Opponents to the rule argue they are already heavily regulated, and have suggested that the SEC follow hedge funds using the documents they are already required to file. A lawsuit along these lines filed against the SEC by hedge fund advisers Phillip Goldstein and Opportunity Partners is still pending.

"They're subject to regulations like every other financial entity," said Greg Nowak, a securities lawyer and partner in the Philadelphia office of Pepper Hamilton LLP, who specializes in representing investment management companies and other clients on matters relating to the Investment Advisers Act of 1940. "But right now they're only subject to 'after-the-fact' regulations, not the proactive regulations the SEC is proposing."

Another part of the fight, Nowak added, was that the SEC has made harsh pronouncements about cracking down on hedge funds, but hasn't specified how exactly compliance can be achieved.

"They've told hedge funds they have to retain e-mails and IMs," Nowak said. "But they haven't told us what they'll be looking for, and in what format."

Nowak predicted that in the short term, most hedge funds would escape the regulation through what's referred to as "the two-year loophole," a clause in the rule excluding funds which lock investors in for two years or more.

The original intention of this part of the rule was to distinguish between private equities funds and hedge funds, but financial experts say it has had far from the intended effect -- of the 8,400 or so hedge funds in the U.S., only an estimated 1,000 to 1,500 were expected to fall under the SEC's rule as currently written. Of those, only 700 to 800 were expected to make the registration deadline of Feb. 1.

Moreover, Nowak said, the SEC would be loath to revise the ruling at this point.

"There was strong dissent when the initial ruling was passed," he said. "The vote was 3 to 2, and the chairmanship has since changed hands.
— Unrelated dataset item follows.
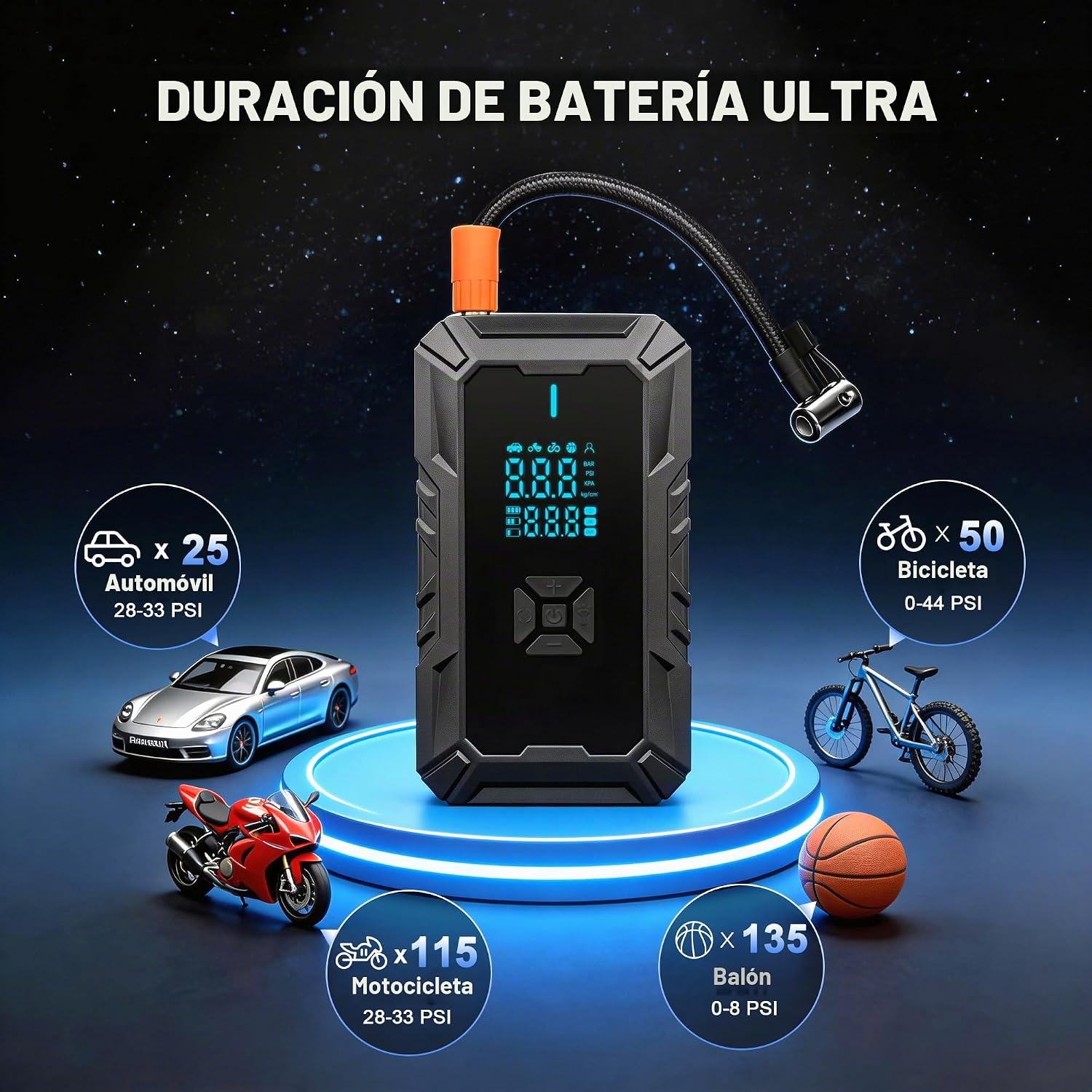 Arrancador de batería de coche con compresor de aire, paquete de sa...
I doubt they'll ever change the loophole at this point."

However, proponents of the registration requirements argue that there's no way the two-year loophole will last forever if the majority of hedge funds use it to evade SEC oversight.

"Hedge funds are a strong force that the SEC will want to contend with," said Mark Diamond, president and CEO of compliance consulting firm Contoural, Inc. "Sooner or later, regulation will be a fact of life for all of them."